When talking to a father yesterday about his daughter’s progress with his alarm, the subject of constipation and stooling problems came up. He mentioned that she had an experience with hard, painful bowel movements a few years ago and since that time has withheld stool and had ongoing periods of stool leaking and irregular bowel movements. He wondered if this had any impact on her bedwetting.
Constipation is loosely defined as irregular, infrequent hard bowel movements. In our society, it is common for children (and adults) not to receive the daily fiber that they need to have a daily soft bowel movement. If fiber is not present in the gut, messages to empty become less frequent. While the waste stays in the gut, water is reabsorbed by the body, producing a firmer, drier stool. This type of stool is larger, and more difficult and painful to pass. When pain is associated with having a bowel movement, the tendency for children is to withhold. Ignoring the messages that do come can lead to an over distended bowel and a viscous cycle begins. Liquid stool can seep around the large hard stool, leading to a condition called encopresis. Children often do not “feel” when this is happening, so leaking in the underwear occurs.
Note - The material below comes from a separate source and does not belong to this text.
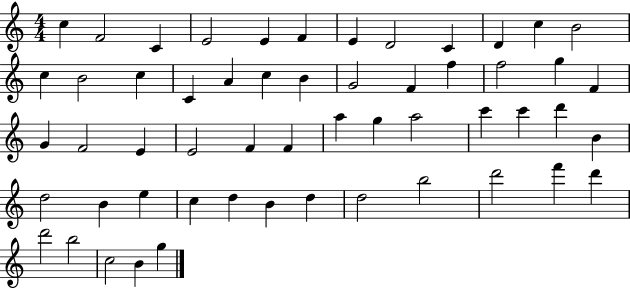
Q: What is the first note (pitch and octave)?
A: C5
Since ignoring messages from the bowel and ignoring messages from bladder go hand in hand, it is not unusual that constipation and wetting problems occur together. The other factor that plays a role is that a distended bowel takes up more space. The bladder cannot fully expand if a large amount of stool takes up the abdominal space.
In some children, solving constipation and observing a regular soft stool makes a big difference in their ability to become dry at night. Some tips are:
Making sure that her fiber intake is adequate. A guideline for fiber requirements in children is their age plus 6. For example, a 8 year old would require at least 14 grams of fiber a day. My patients’ favorite source of fiber is Cracklin’ Oatbran Cereal. Read labels when buying food and opt for the higher fiber choice. Fiber bars or drinks can also be used.
Add products such as Miralax, with your health care provider’s guidance, if fiber isn’t adequate.
Have a regular stooling time, where she sits quietly and has uninterrupted time in the bathroom.
Provide a stool for her to put her feet on and a toilet lid insert if she feels like she will “fall in”.
She can continue with the bedwetting alarm while you are working on correcting infrequent stooling patterns. You may begin to notice that the alarm goes off later in her sleep cycle or that she becomes more responsive to her alarm and her full bladder as her constipation is corrected.